[Captioned web image data]
· · · · ·

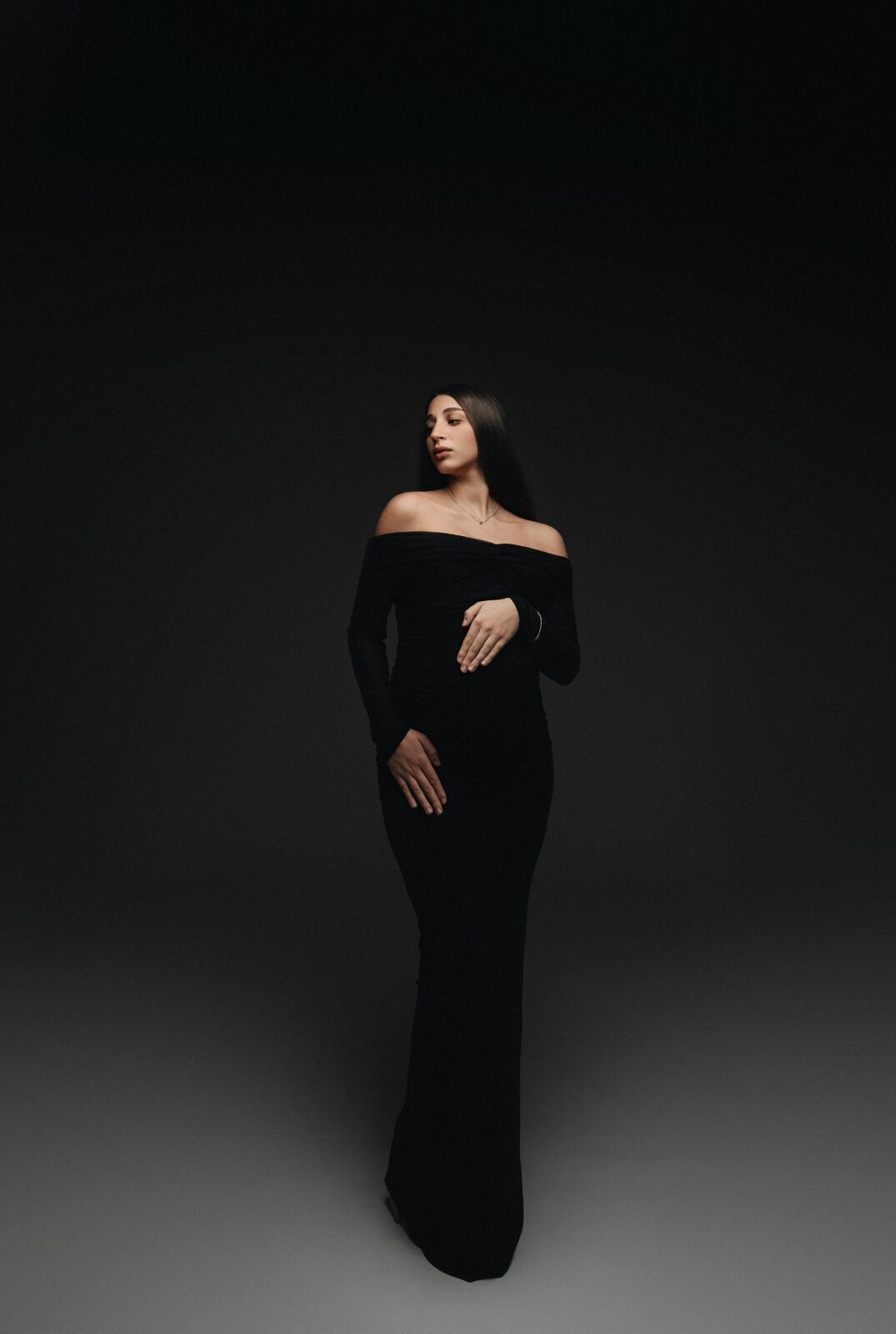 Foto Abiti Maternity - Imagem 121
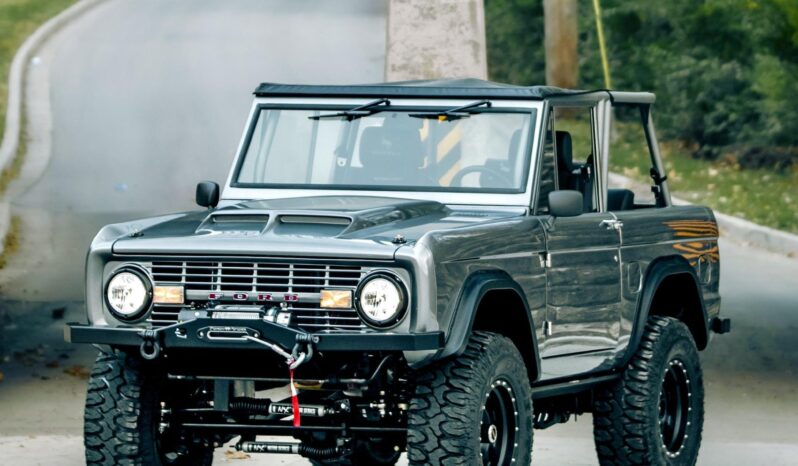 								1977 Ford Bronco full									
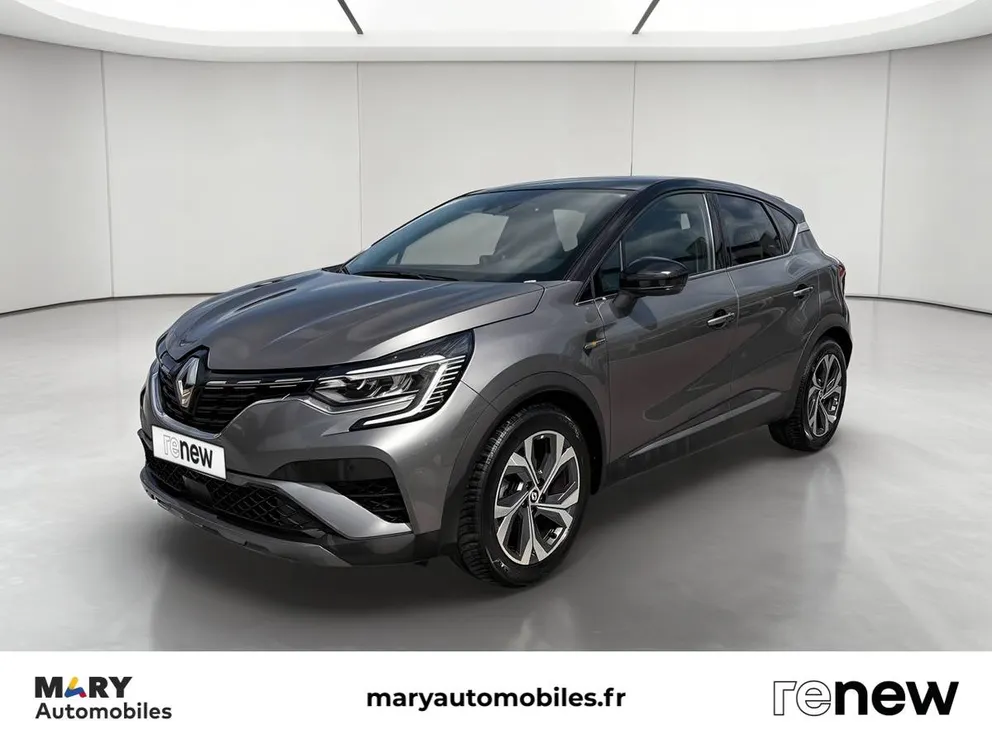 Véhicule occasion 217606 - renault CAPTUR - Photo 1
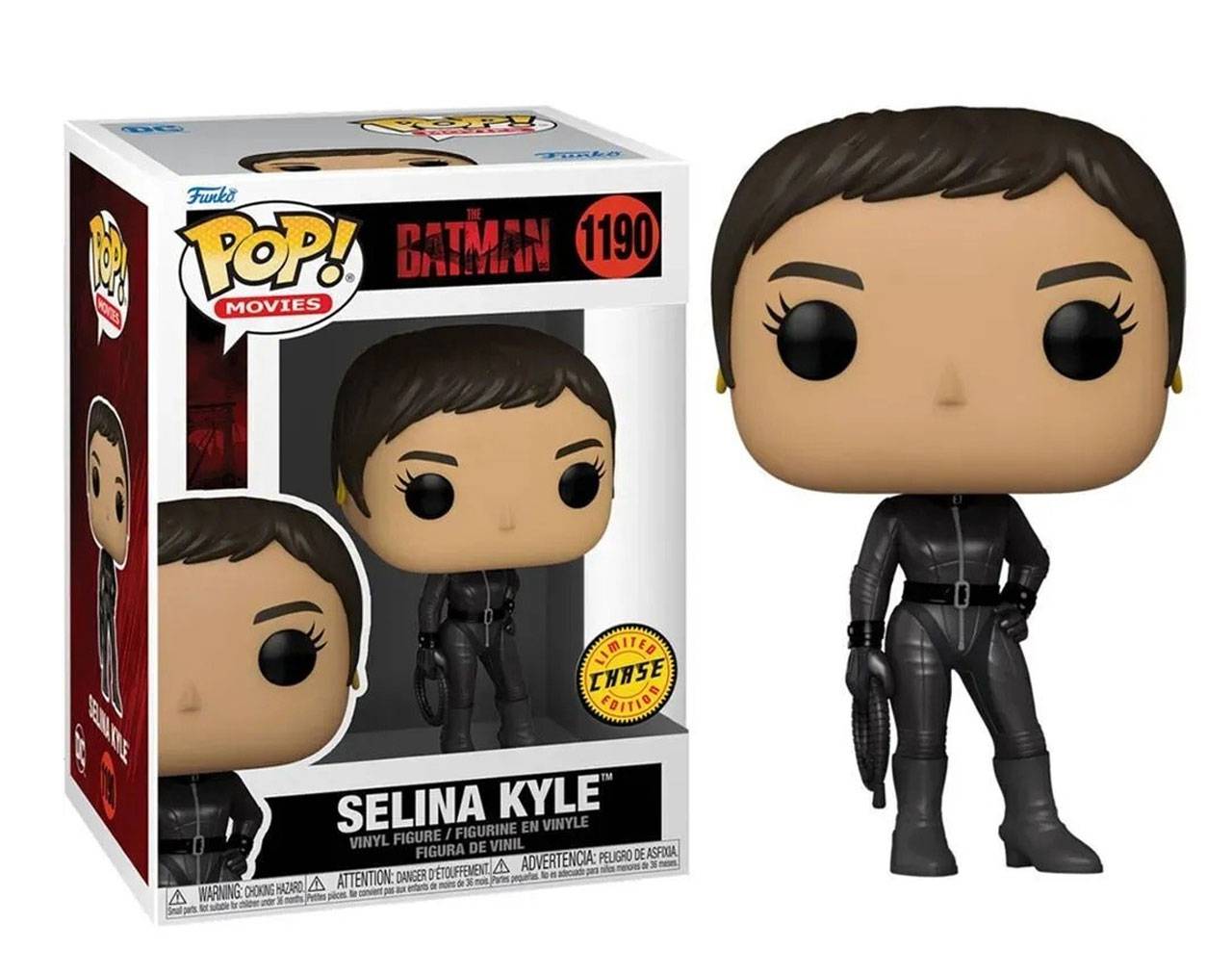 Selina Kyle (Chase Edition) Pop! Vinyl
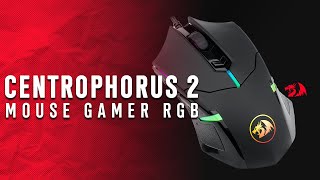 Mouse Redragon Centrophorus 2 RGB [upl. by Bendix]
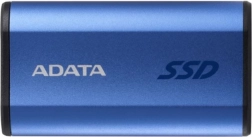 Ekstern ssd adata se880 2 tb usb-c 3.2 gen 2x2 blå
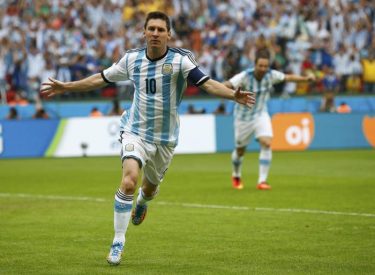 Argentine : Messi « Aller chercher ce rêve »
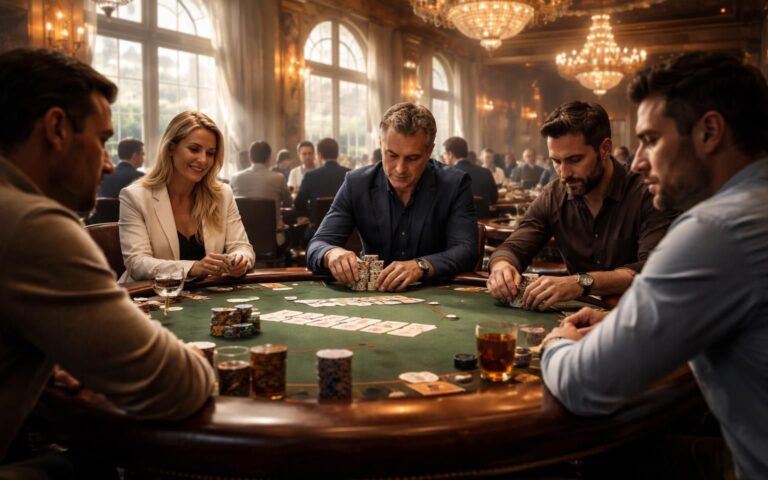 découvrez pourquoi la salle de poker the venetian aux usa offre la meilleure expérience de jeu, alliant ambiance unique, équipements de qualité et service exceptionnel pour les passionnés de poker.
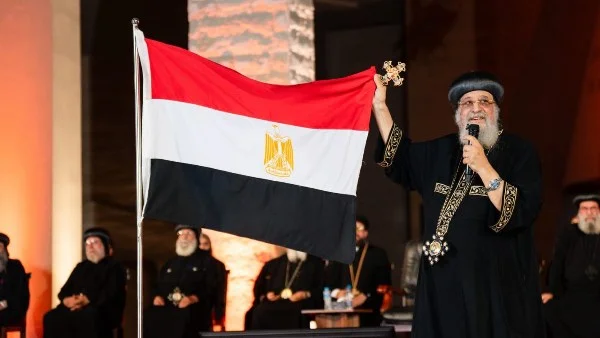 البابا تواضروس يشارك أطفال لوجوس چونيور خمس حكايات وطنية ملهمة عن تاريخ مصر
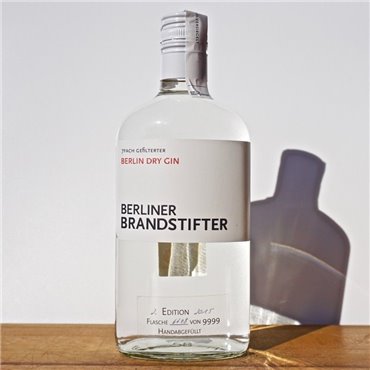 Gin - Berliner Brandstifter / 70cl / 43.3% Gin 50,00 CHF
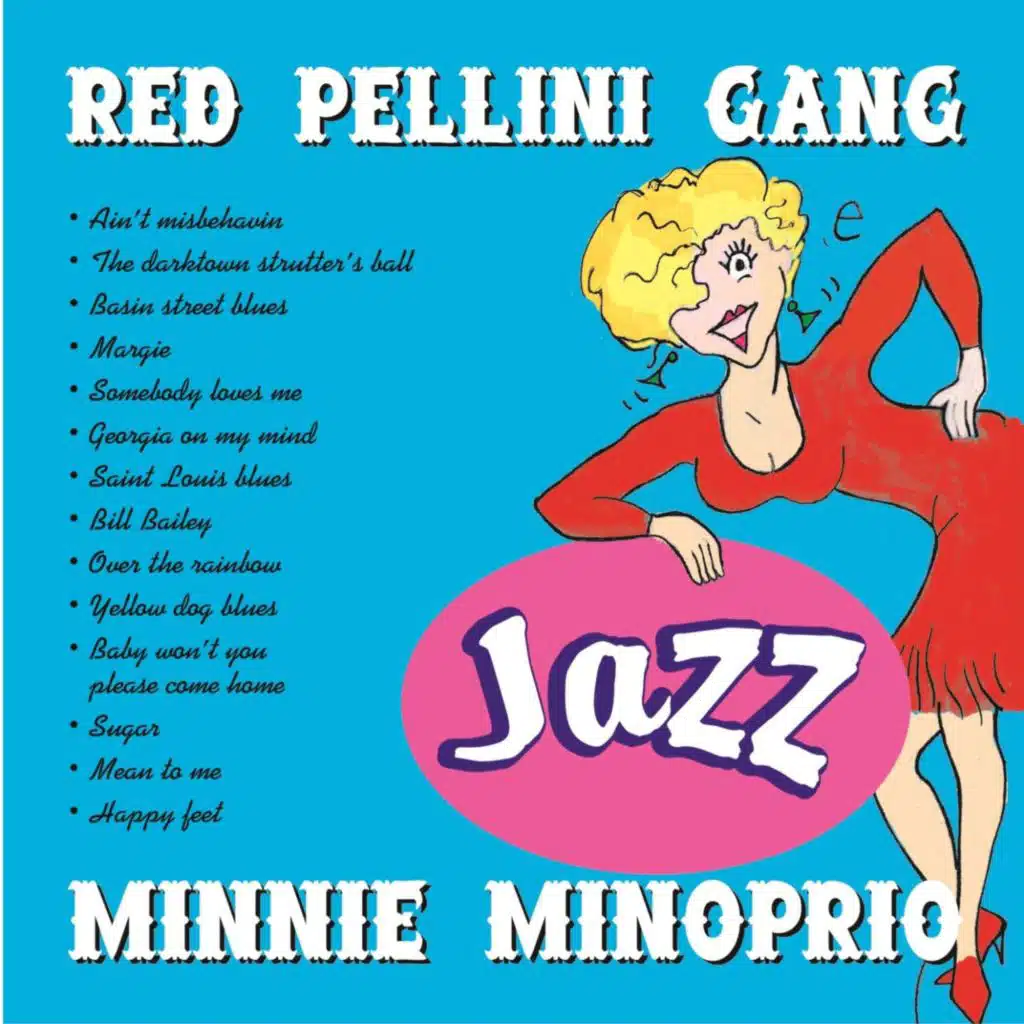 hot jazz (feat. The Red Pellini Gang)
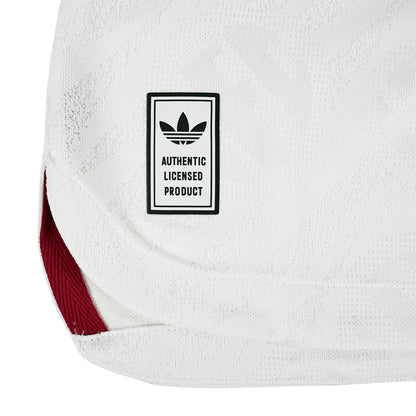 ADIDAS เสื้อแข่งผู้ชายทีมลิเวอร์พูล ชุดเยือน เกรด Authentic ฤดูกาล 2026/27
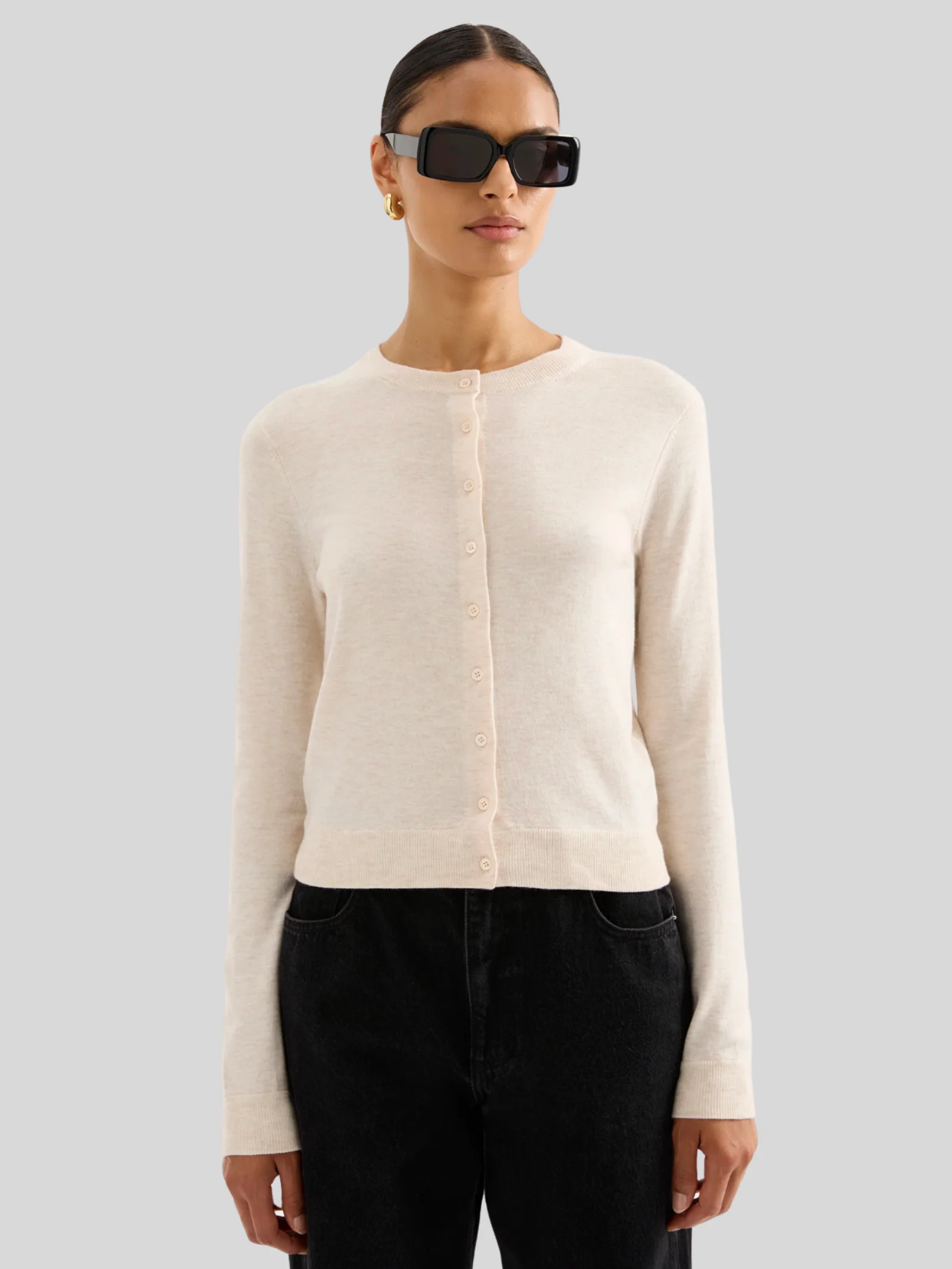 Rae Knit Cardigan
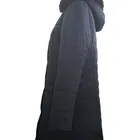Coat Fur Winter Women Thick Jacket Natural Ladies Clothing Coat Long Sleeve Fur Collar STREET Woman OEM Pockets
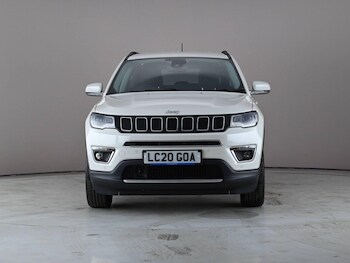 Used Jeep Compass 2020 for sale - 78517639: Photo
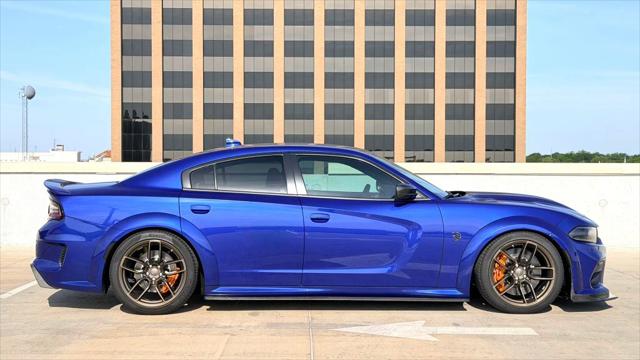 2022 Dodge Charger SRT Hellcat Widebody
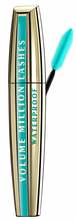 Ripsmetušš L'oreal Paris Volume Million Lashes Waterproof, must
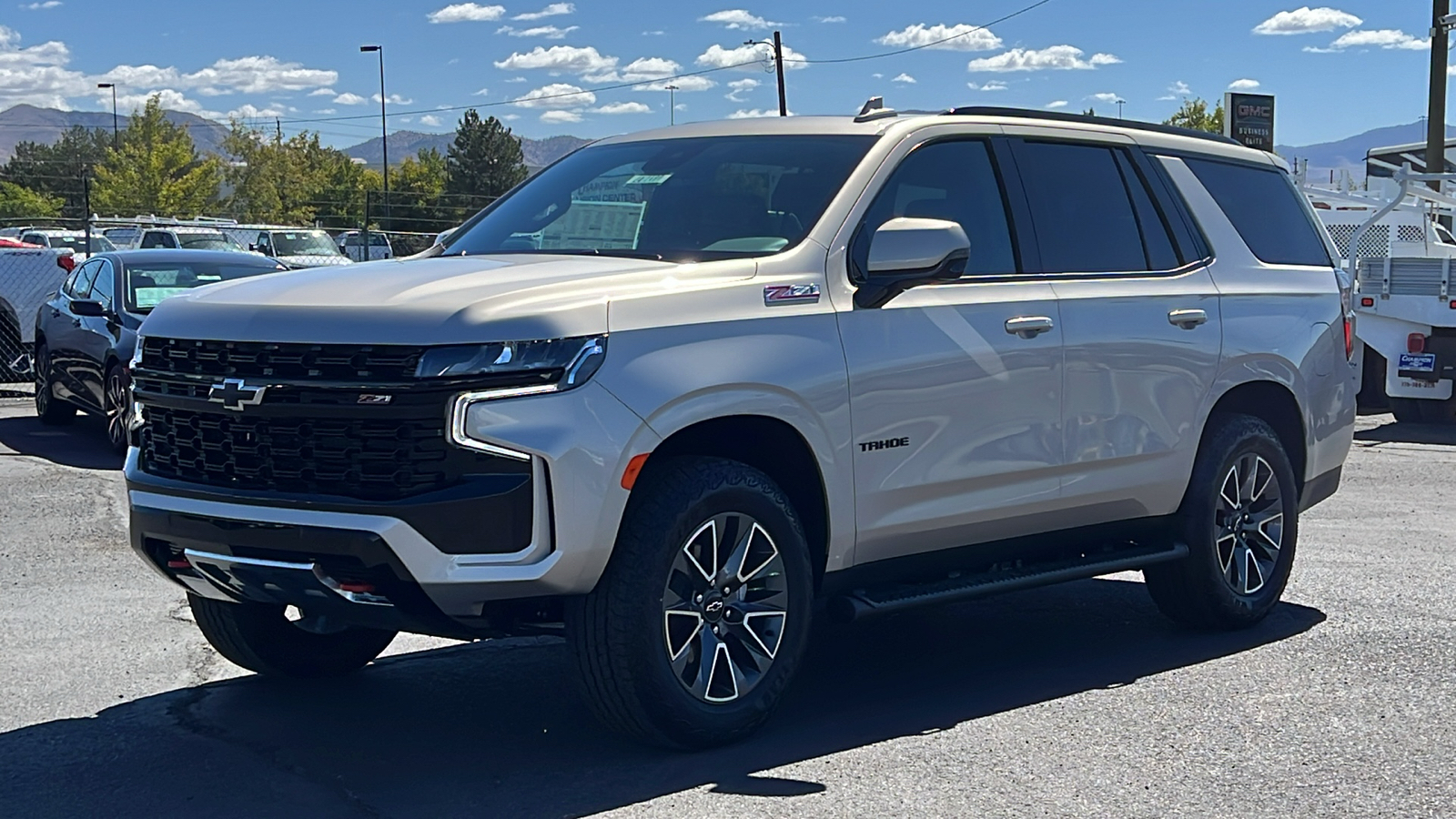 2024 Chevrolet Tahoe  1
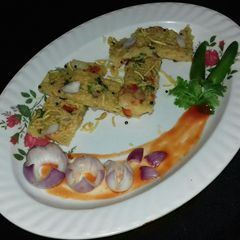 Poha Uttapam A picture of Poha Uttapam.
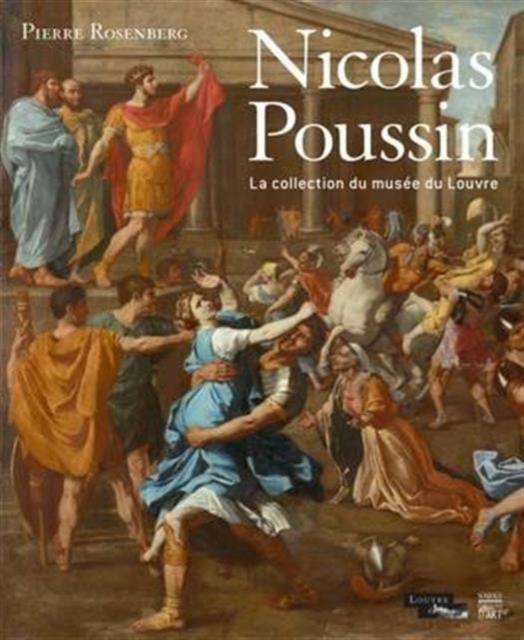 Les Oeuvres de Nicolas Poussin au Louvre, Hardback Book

· · · · ·

The entries should be reproduced word for word, pictures omitted.

 Foto Abiti Maternity - Imagem 121
 								1977 Ford Bronco full									
 Véhicule occasion 217606 - renault CAPTUR - Photo 1
 Selina Kyle (Chase Edition) Pop! Vinyl
 Mouse Redragon Centrophorus 2 RGB [upl. by Bendix]
 Ekstern ssd adata se880 2 tb usb-c 3.2 gen 2x2 blå
 Argentine : Messi « Aller chercher ce rêve »
 découvrez pourquoi la salle de poker the venetian aux usa offre la meilleure expérience de jeu, alliant ambiance unique, équipements de qualité et service exceptionnel pour les passionnés de poker.
 البابا تواضروس يشارك أطفال لوجوس چونيور خمس حكايات وطنية ملهمة عن تاريخ مصر
 Gin - Berliner Brandstifter / 70cl / 43.3% Gin 50,00 CHF
 hot jazz (feat. The Red Pellini Gang)
 ADIDAS เสื้อแข่งผู้ชายทีมลิเวอร์พูล ชุดเยือน เกรด Authentic ฤดูกาล 2026/27
 Rae Knit Cardigan
Coat Fur Winter Women Thick Jacket Natural Ladies Clothing Coat Long Sleeve Fur Collar STREET Woman OEM Pockets
 Used Jeep Compass 2020 for sale - 78517639: Photo
 2022 Dodge Charger SRT Hellcat Widebody
 Ripsmetušš L'oreal Paris Volume Million Lashes Waterproof, must
 2024 Chevrolet Tahoe  1
 Poha Uttapam A picture of Poha Uttapam.
 Les Oeuvres de Nicolas Poussin au Louvre, Hardback Book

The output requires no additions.